== Exercise description ==
Every line of the entries below from the one containing "Hot Wheels Premium" to the one containing "V-Neck Shirt | White", both ends included, must be written out exactly. No other line belongs in the answer.
===== Material provided =====
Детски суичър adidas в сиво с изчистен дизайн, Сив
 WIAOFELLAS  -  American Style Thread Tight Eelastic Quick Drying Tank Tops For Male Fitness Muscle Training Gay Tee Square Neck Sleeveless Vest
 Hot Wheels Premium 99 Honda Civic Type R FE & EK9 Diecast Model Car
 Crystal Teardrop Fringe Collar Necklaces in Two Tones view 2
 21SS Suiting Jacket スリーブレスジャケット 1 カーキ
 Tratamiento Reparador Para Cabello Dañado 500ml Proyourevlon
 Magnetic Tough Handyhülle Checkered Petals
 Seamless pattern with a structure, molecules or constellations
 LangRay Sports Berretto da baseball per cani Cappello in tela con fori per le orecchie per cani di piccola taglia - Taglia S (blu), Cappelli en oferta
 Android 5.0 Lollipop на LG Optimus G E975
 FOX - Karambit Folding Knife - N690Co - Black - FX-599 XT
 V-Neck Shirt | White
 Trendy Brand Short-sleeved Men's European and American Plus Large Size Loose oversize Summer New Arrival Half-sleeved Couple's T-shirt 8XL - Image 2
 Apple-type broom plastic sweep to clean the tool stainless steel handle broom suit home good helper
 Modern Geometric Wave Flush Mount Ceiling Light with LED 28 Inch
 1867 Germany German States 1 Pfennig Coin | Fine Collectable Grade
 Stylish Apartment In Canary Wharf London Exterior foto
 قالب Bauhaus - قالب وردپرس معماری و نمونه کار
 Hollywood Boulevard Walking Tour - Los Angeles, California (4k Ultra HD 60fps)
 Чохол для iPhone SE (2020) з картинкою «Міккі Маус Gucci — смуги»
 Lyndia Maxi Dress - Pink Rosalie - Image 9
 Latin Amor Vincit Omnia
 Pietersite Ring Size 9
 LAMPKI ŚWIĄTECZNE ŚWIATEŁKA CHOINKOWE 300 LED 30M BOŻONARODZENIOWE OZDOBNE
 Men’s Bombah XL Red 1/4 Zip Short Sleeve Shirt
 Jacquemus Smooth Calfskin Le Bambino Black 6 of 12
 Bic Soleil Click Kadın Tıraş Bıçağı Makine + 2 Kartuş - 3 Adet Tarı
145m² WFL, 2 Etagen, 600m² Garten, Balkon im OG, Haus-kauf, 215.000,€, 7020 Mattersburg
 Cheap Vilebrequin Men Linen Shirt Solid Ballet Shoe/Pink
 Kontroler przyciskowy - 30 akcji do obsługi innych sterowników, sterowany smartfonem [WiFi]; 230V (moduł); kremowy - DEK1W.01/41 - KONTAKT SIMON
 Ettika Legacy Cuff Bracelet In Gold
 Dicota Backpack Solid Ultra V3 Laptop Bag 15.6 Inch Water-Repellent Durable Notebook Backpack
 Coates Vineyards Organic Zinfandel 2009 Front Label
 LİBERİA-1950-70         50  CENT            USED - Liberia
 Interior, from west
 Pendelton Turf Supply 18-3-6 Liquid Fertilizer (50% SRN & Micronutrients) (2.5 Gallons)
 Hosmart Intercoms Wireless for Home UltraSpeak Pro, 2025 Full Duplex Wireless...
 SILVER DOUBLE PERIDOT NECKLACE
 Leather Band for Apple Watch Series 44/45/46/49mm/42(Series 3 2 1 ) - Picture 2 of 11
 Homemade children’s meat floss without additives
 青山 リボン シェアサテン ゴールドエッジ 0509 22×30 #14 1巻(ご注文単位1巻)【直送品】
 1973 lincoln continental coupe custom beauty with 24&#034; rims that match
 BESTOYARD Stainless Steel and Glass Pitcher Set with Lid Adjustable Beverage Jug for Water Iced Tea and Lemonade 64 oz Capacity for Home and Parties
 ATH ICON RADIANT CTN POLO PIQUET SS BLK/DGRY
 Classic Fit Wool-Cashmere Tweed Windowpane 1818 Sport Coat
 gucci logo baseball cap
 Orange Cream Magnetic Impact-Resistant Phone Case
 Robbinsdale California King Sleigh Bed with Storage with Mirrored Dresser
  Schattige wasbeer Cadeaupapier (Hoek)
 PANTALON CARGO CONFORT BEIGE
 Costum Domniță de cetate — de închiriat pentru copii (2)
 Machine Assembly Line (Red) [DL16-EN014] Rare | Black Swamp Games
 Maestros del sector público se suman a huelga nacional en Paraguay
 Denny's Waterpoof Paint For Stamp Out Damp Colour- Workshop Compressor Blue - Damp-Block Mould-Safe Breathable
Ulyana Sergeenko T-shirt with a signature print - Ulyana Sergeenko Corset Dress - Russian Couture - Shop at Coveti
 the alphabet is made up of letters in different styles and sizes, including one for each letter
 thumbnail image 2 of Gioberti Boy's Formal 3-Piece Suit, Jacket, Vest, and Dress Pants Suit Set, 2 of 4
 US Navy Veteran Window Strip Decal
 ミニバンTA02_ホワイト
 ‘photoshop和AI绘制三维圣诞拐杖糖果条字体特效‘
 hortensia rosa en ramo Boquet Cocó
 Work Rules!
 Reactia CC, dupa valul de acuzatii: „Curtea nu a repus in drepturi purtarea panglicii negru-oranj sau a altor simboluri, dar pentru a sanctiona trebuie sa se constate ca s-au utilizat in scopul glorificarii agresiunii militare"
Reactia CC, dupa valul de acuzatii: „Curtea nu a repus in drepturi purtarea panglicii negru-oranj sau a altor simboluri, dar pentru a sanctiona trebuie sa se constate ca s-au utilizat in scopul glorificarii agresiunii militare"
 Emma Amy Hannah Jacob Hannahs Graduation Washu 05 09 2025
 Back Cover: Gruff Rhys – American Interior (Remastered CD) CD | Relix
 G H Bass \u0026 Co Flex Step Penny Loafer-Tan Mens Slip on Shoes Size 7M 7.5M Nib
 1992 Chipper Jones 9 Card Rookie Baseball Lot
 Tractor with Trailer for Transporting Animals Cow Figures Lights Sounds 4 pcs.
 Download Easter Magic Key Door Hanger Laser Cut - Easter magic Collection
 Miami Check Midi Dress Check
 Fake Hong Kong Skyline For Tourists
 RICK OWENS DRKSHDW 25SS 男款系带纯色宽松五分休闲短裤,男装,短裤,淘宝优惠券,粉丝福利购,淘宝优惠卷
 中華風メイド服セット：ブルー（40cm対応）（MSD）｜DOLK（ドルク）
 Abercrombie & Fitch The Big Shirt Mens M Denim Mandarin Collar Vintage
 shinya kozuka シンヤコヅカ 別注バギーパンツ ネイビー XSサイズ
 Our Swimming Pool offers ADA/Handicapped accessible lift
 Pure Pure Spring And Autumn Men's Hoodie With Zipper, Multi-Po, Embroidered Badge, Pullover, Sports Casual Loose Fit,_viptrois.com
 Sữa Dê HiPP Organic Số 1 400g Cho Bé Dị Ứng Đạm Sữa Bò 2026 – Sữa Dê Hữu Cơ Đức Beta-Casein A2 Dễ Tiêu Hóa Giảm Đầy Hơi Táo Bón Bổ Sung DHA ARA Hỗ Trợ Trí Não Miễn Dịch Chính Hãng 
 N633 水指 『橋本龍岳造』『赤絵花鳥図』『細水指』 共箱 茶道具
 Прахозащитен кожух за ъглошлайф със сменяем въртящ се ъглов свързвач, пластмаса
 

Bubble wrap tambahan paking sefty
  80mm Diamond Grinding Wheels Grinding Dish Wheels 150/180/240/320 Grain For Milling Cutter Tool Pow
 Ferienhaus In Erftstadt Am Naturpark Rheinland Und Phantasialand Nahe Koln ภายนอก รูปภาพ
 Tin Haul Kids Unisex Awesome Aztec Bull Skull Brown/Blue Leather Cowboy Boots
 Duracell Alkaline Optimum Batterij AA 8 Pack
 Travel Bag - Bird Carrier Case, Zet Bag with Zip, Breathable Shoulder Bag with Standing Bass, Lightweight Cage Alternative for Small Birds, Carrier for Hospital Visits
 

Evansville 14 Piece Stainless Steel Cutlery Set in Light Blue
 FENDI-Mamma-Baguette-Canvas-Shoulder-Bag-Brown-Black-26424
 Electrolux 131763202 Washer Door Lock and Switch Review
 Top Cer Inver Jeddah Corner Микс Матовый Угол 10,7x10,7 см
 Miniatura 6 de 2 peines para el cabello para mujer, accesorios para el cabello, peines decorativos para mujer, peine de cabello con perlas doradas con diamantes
=====
== Response below ==
 Hot Wheels Premium 99 Honda Civic Type R FE & EK9 Diecast Model Car
 Crystal Teardrop Fringe Collar Necklaces in Two Tones view 2
 21SS Suiting Jacket スリーブレスジャケット 1 カーキ
 Tratamiento Reparador Para Cabello Dañado 500ml Proyourevlon
 Magnetic Tough Handyhülle Checkered Petals
 Seamless pattern with a structure, molecules or constellations
 LangRay Sports Berretto da baseball per cani Cappello in tela con fori per le orecchie per cani di piccola taglia - Taglia S (blu), Cappelli en oferta
 Android 5.0 Lollipop на LG Optimus G E975
 FOX - Karambit Folding Knife - N690Co - Black - FX-599 XT
 V-Neck Shirt | White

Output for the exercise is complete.